Aim of the task » Please go line by line and repeat the data below exactly, with no images.

Available data »
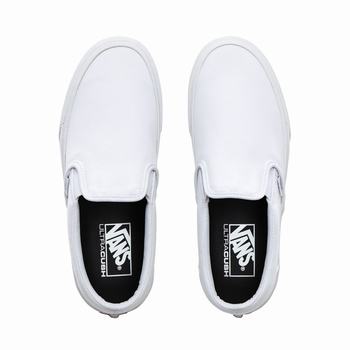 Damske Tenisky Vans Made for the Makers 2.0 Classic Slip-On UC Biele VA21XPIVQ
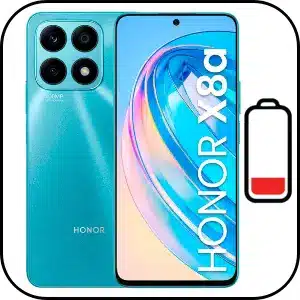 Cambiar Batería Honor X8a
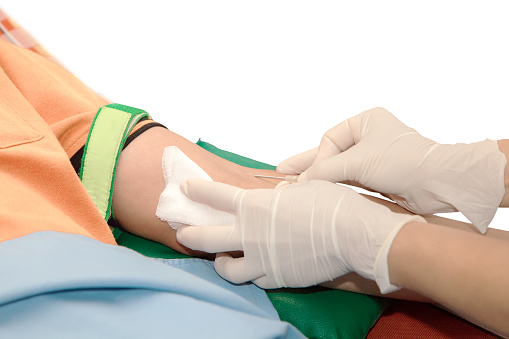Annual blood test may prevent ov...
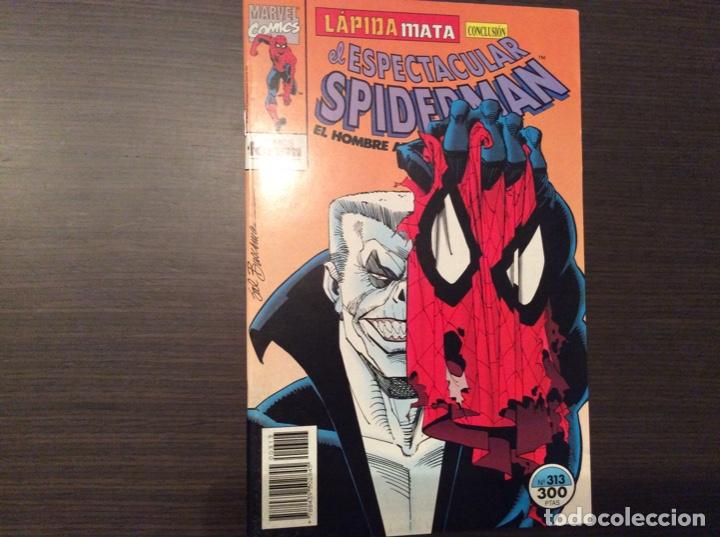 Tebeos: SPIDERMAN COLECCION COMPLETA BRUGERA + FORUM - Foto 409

Solved problem »
 Damske Tenisky Vans Made for the Makers 2.0 Classic Slip-On UC Biele VA21XPIVQ
 Cambiar Batería Honor X8a
Annual blood test may prevent ov...
 Tebeos: SPIDERMAN COLECCION COMPLETA BRUGERA + FORUM - Foto 409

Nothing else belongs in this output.